Yes, you have picked out some aspects that I did not cover. There is often some overlap between the approaches. The trauma that exists only in the therapist’s imagination is a form of trickery that I have not yet written about (related to ‘false memory syndrome,’ of course). Cognitive distortion can be a perfectly valid way to describe the source of an individual person’s troubles, but it certainly makes no sense at all to read lists of other people’s cognitive distortions from a book and hope, or fear, that they apply to you.
I see CBT working reliably time after time — not quite a mechanical process, because it involves a close and genuine human relationship, but nevertheless a methodology that comes with an expectation (from my point of view) of permanent recovery. So it seems to me that your contention is with the presentation.
That seems like a very useful framework.
A bit off topic but do you think “problem reduction” will always reduce a patient’s problems to one underlying formulation? Or could someone have multiple, independent problems. Like, say, the common case of someone with depression, who also suffers panic attacks.

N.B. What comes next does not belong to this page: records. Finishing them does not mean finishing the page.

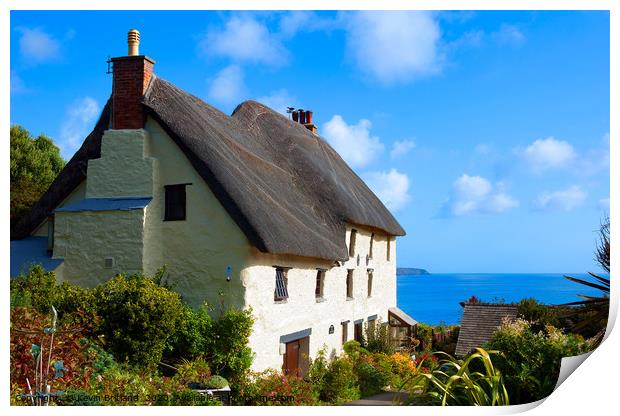 thatched cottage cornwall, england Print by Kevin Britland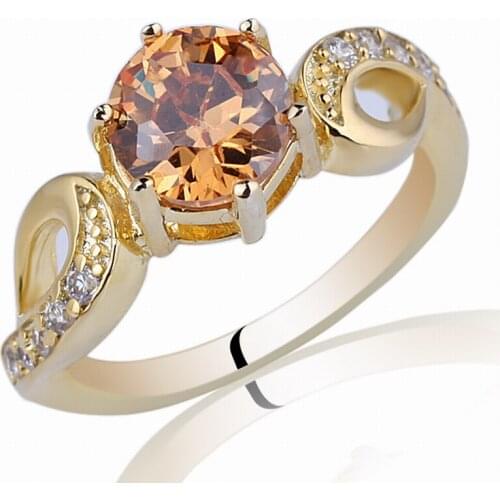 Women Gold Color 925 Silver Ring Sterling Jewelry 7mm Round Cubic Zirconia CZ Christmas Gift R018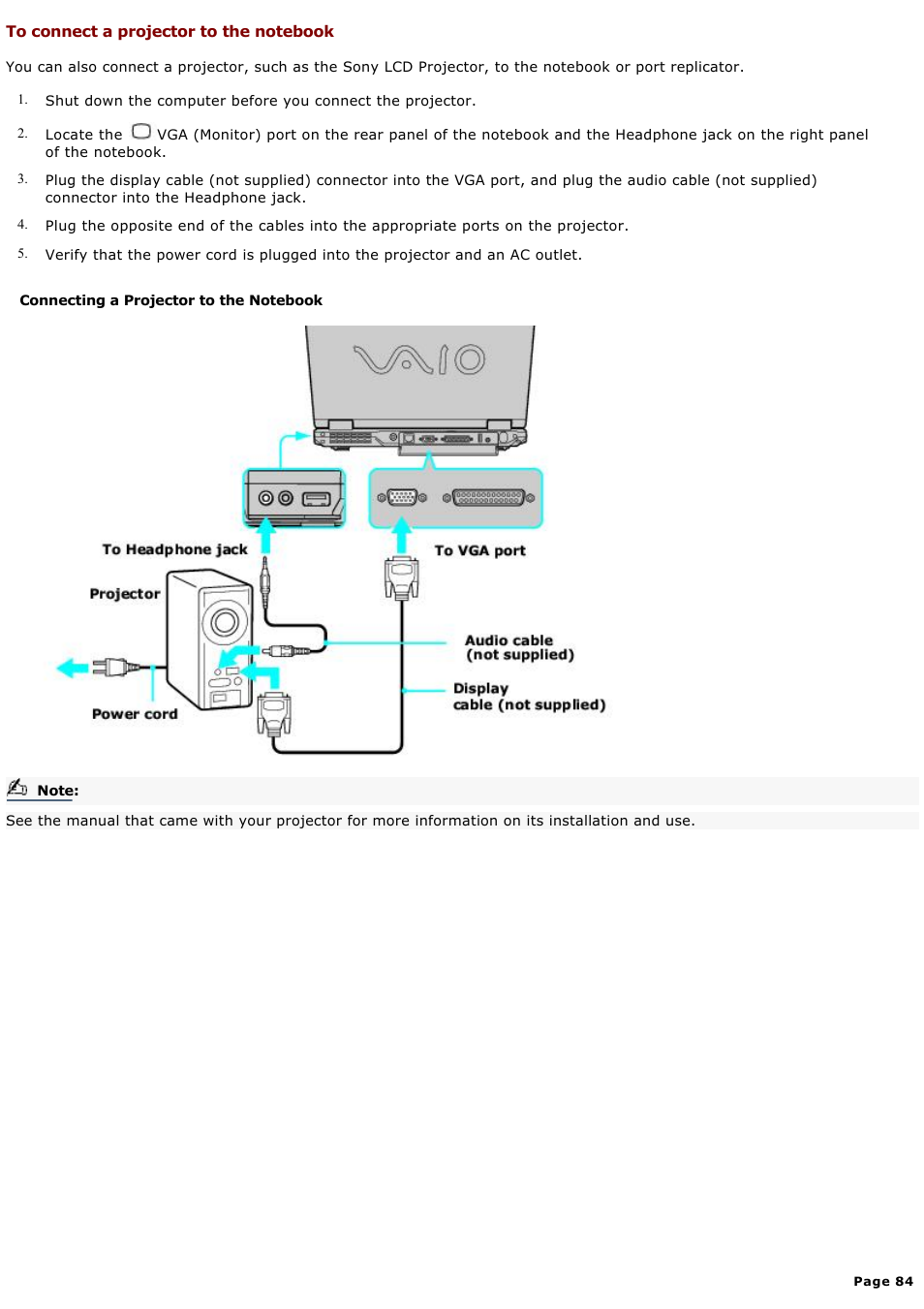 To connect a projector to the notebook | Sony PCG-GRX580P User Manual | Page 84 / 185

A formulation might involve more than one schema or belief, but the whole point of problem reduction is to recognize that, for example, depression and panic might have a common cause in the case of a particular patient. A single dominant schema or belief is sufficient formulation in almost all cases.
There is an impressive approach to borderline personality disorder that interprets the rapid switching of mood as switching between different schemas, so that the patient seems to have multiple, independent problems — perhaps depressed at one moment, and then suddenly panic-stricken.